When I was 15 I decided that with my part time job I would buy stuff to one day move out. I had an older brother with many items in his house that used to be in our family home and thought Mum would run out of things to give by the time I moved out. So my stepfather gave me this steel trunk. It was painted green on the outside and was peeling badly. I tidied it up and packed it with all my worldly possessions dreaming of my future life. I really didn’t give too much thought to what that trunk had been and where it had been. I knew it was from Vietnam War and returned without it’s owner. I knew my stepfather had pointed out his relative in a poster of all the men that died in Vietnam that was hanging at a market one day. It’s one of those things I see every day and until reading a few articles on how important possessions returned from the war are to those that get them back, I have not really given much thought.
I wanted to know more about this trunk and googled it , (of course). In Trove, I found an article calling for tenders to make 15,000 aluminium trunks for the RAAF in 1954. The RAAF had always used a blue kit bag and “crammed like sardines” all their clothes in an undignified way. I then found a picture of one of the trunks on ebay. It had that familiar green paint I remember but it also had “Puckapunyal – Sgt Dawson”. So I imagine the trunk originally had a name on it, I was disappointed that I had gotten that green paint off now. The only other article I found was a Vietnam veteran that returned from war and sent his trunk home with some friends. His mother found these uniformed officers at the door with her son’s trunk and thought the worst. He wrote that his mother had a few choice words for him. Lol.
So the person that owned my trunk was John Edgar Garrett. He was the nephew of my stepfather. I had always misunderstood and thought he was a younger brother. I also had never realised the he had my stepfather’s name but in reverse (Edgar John Garrett was my stepfathers name). I felt sad to realise that now. John had been part of the 1st Field Squadron in the Royal Engineers with the RAAF. Due to the TET offensive, John’s squadron had been brought to the area to protect American bases and the Fire Support Base. John and three other engineers were on standing/patrolling duty. The North Vietnamese launched a surprise mortar attack on the Fire Support Base and the tree the engineers were standing under and they were all killed on the 18th February 1968. (John was part of a group of ten engineers, due to further attacks and mines only four survived the war.) I found these articles after the first article in Trove mentioned John’s death as part of “Operation Coburg”. So I searched for both his name and Operation Coburg through google. One of the accounts was written by a soldier that had to go up to the scene, he realised that one of the other soldiers was a school mate and had only been married two weeks before.
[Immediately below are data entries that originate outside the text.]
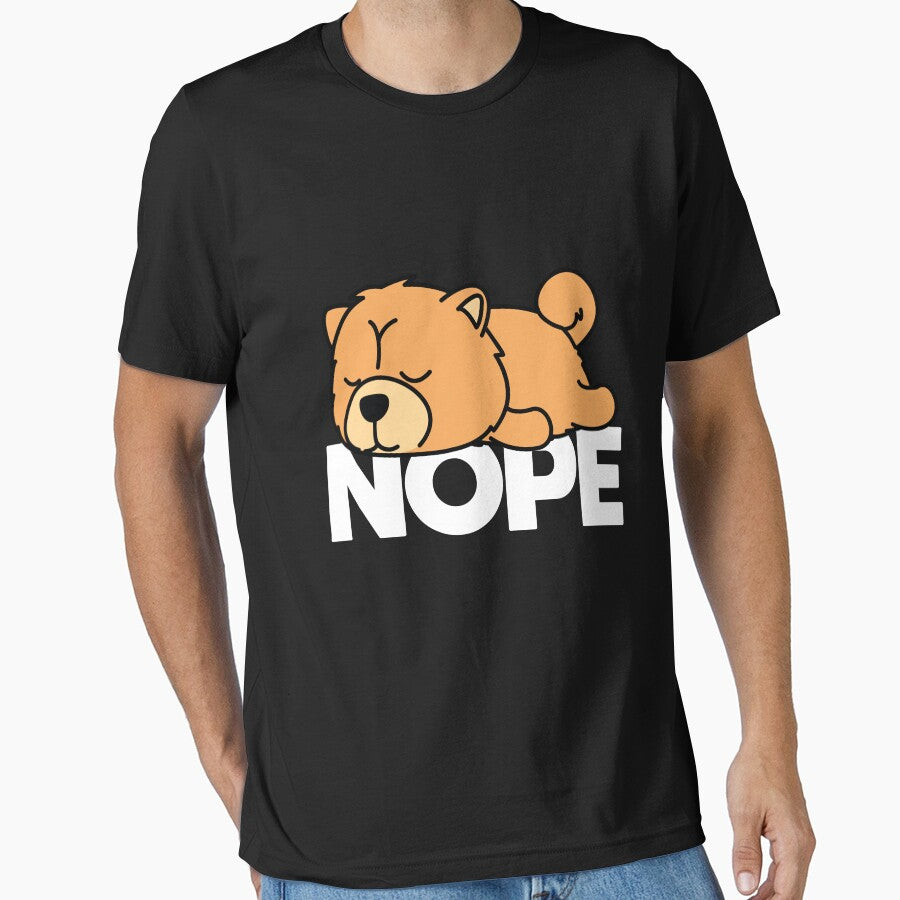 Chow Chow Dog Nope by kudostees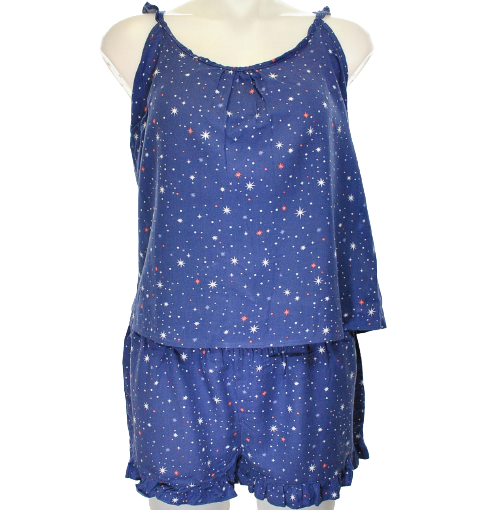 Jenni x Celestial Cami & Short Set Navy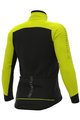 ALÉ Cycling winter set with jacket - FONDO WINTER - black/yellow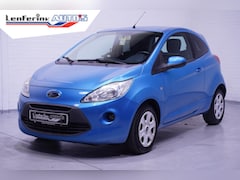 Ford Ka - 1.2 Comfort start/stop Airco Elektrische spiegels Donker glas NAP Lees advertentie
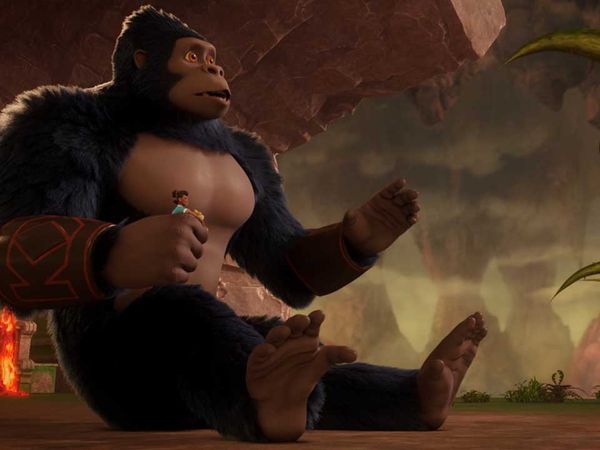 Kong - King of the Apes - Cave-in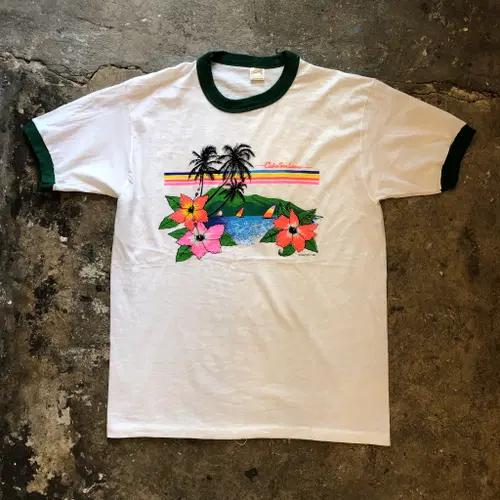 70s~90s Ringer T-shirt-L 2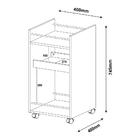 Adega Bar Com Rodízios Multimóveis Cr50034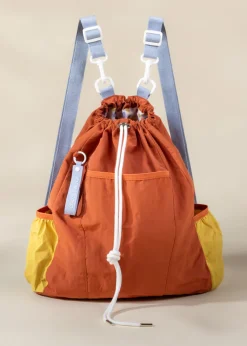 Coco Village Washable Nylon Gym Bag - Heritage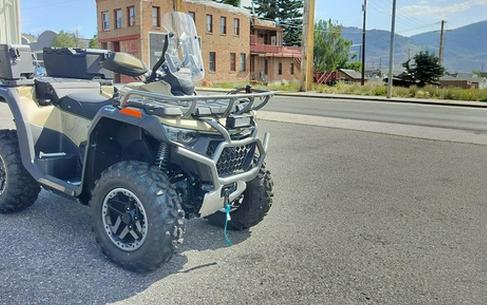 2026 CFMOTO CFORCE 1000 Overland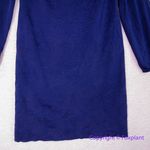 White House | Black Market New! White House and Black Market Sheer Sleeve Jacquard Sweater Dress,M Photo 5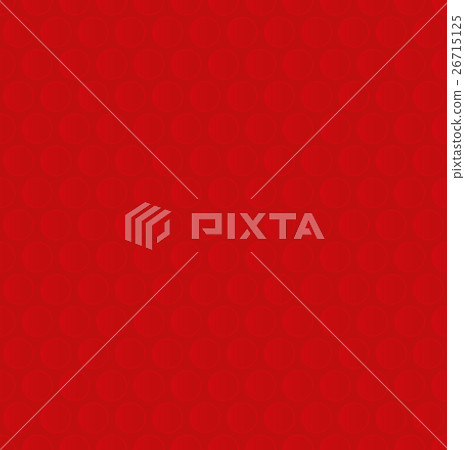 Bubble Wrap. Red Neutral Seamless Pattern 26715125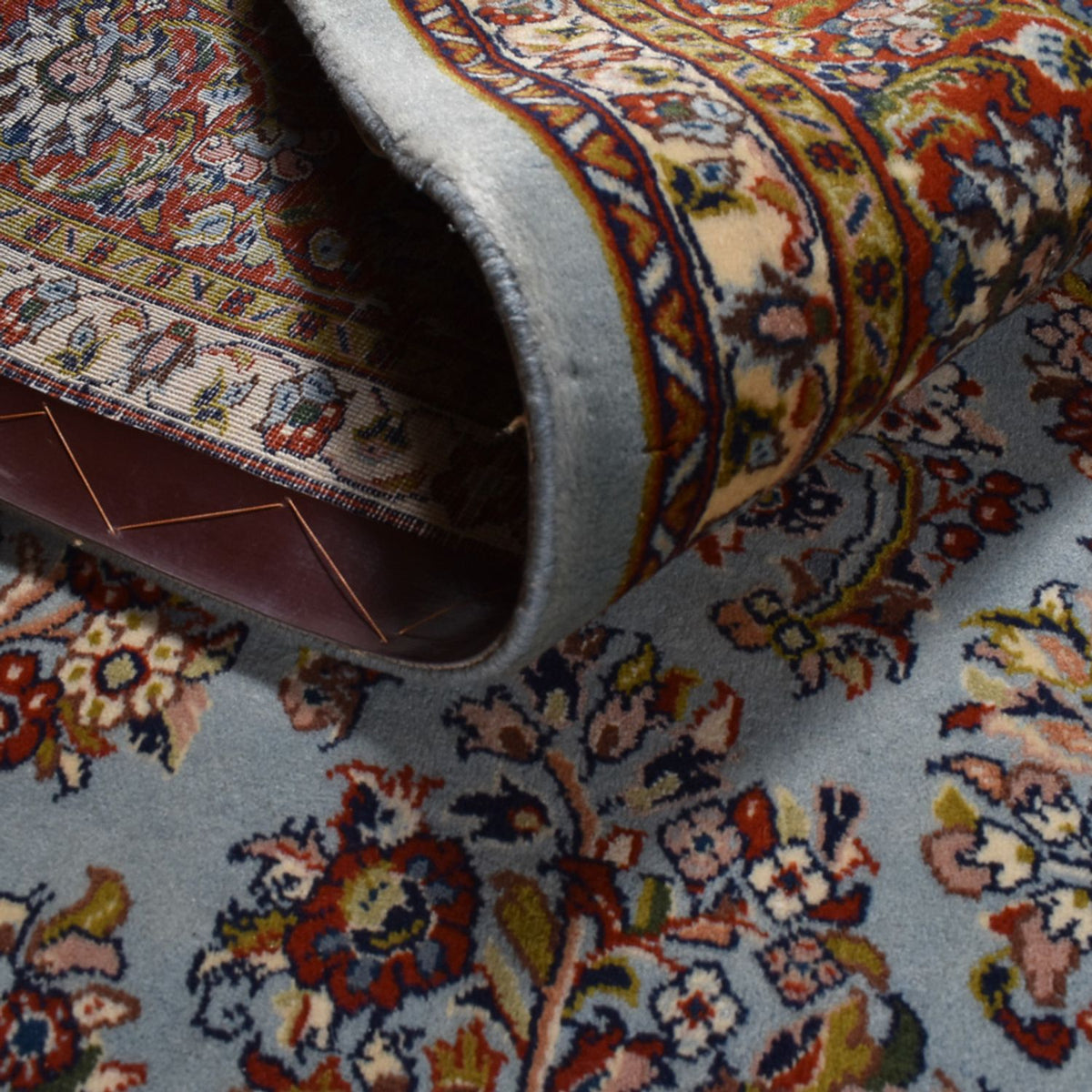 Perzisch tapijt - Klassiek - 300 x 205 cm - lichtblauw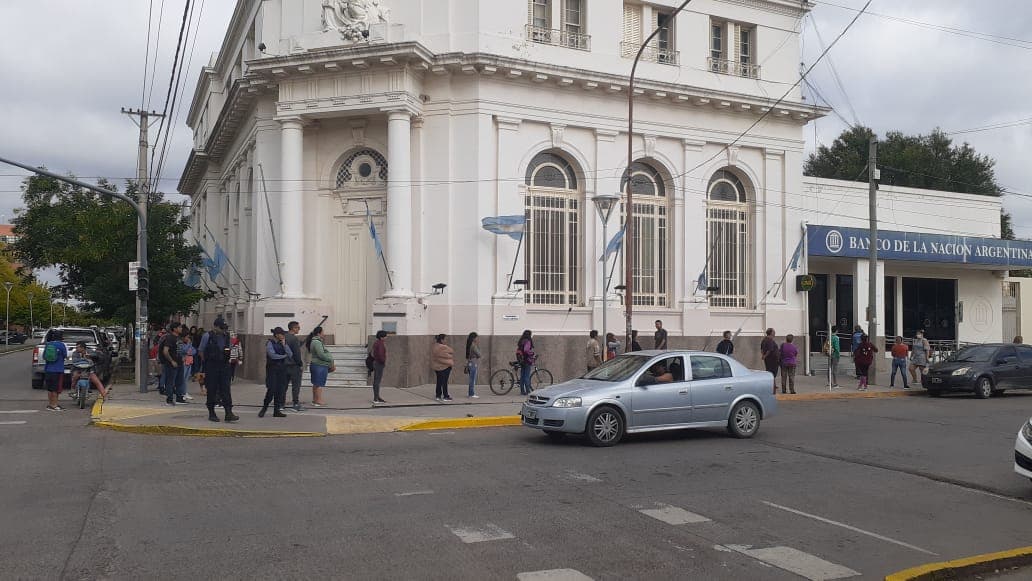 Bancos abren hasta el jueves para el pago de jubilados
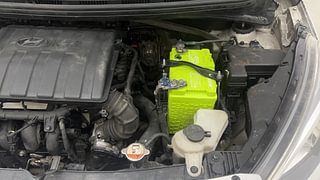 Used 2014 Hyundai Xcent SX 1.2 (O) Petrol Manual engine ENGINE LEFT SIDE VIEW
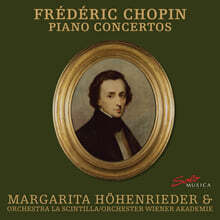 Margarita Hohenrieder 쇼팽: 피아노 협주곡 1, 2번 (Chopin: Piano Concertos Op.11, Op.21)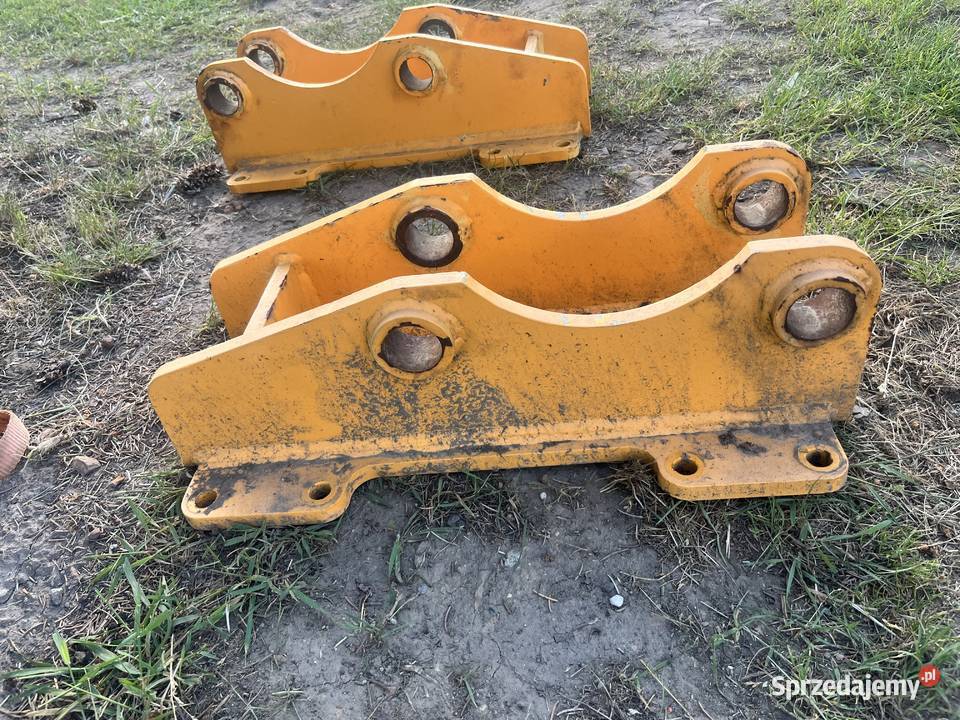 Łącznik łyżki adapter JCB 3CX Turze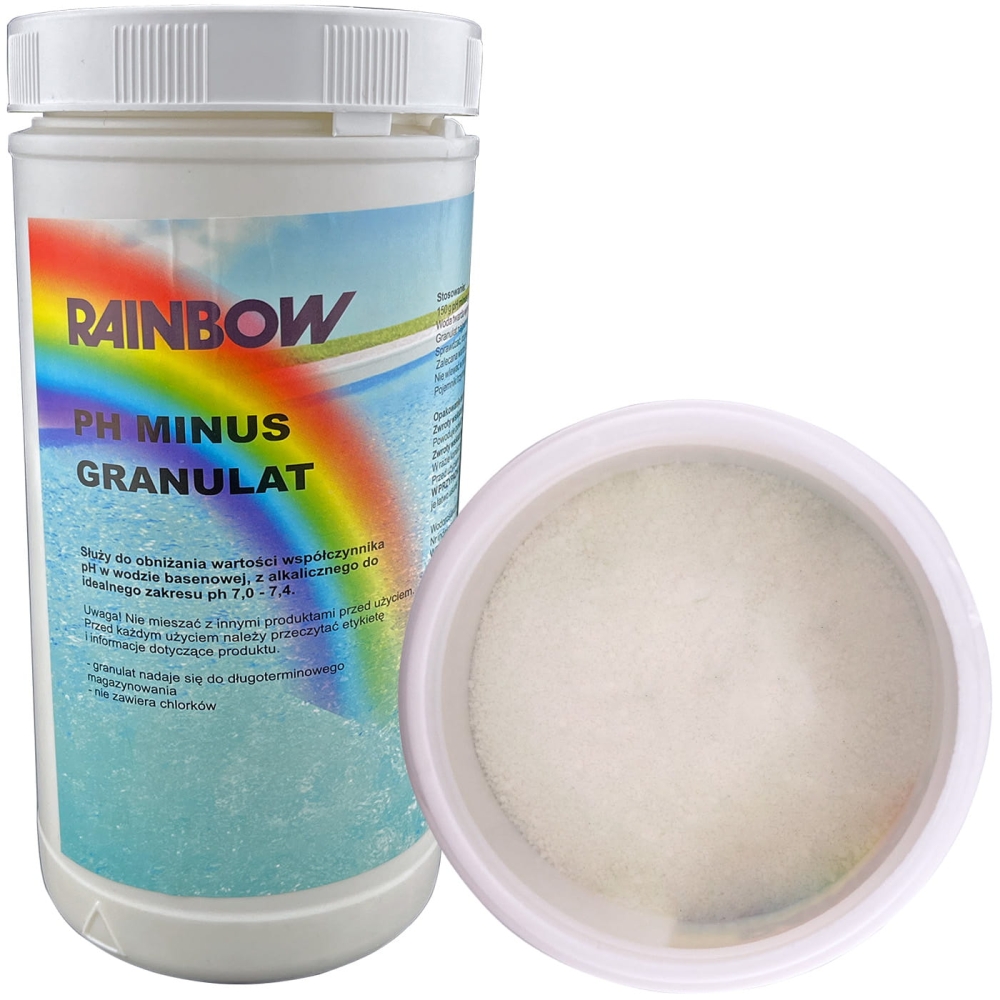 PH Minus granulat do regulacji pH wody w basenie SPA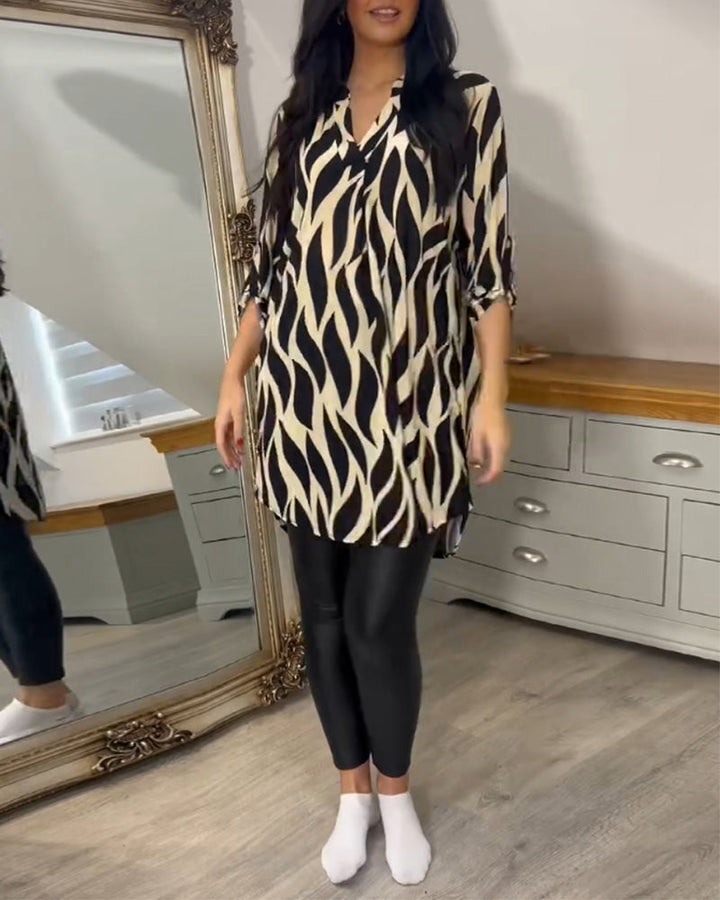 Alexandra Loose-Fit Tops — Céline de Montréal — view 6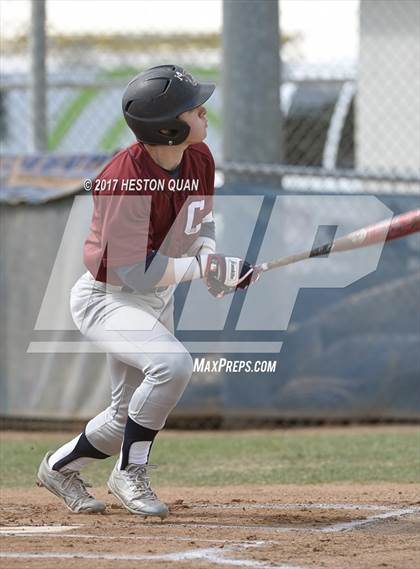 Thumbnail 1 in Capistrano Valley Christian vs Riverside Poly (Anaheim Lions Tournament) photogallery.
When searching for most soldiers that National Archives is the best place to start looking for service records. For the Vietnam War there is the separate search site of the Vietnam Roll http://www.vietnamroll.gov.au/VeteranSearch.aspx . Search your relatives name there first. (Take note of the service number and regiment they were from as these facts can give you a world of information and make sure you have the right person. ) The Australian War Memorial also will give details after searching the name and let you know where your relative has been memorialised. There are some war records on the subscription websites like ancestry and findmypast. However I think you miss finding more out about the conflicts if you don’t visit the War memorial and looking up Wikipedia gives a good general background for specific battles and places that your ancestors fought in.
My stepfather died last year and for me that trunk holds his memory. I did not know his nephew and I feel very sad to not have thought and asked about what memory of his nephew that the trunk held for him. But I guess this is only something that you realise with age. It seems crazy that inanimate objects pull at your heart. That they can hold a bridge to memories. To know that someone you loved held them can send you into tears. I hope that everyone cherishes those special things. I’m sure many have probably had conversations like me with my children about why that baby blanket that was the last thing their great grandmother knitted cannot be used as a cubby house roof. Lest we forget.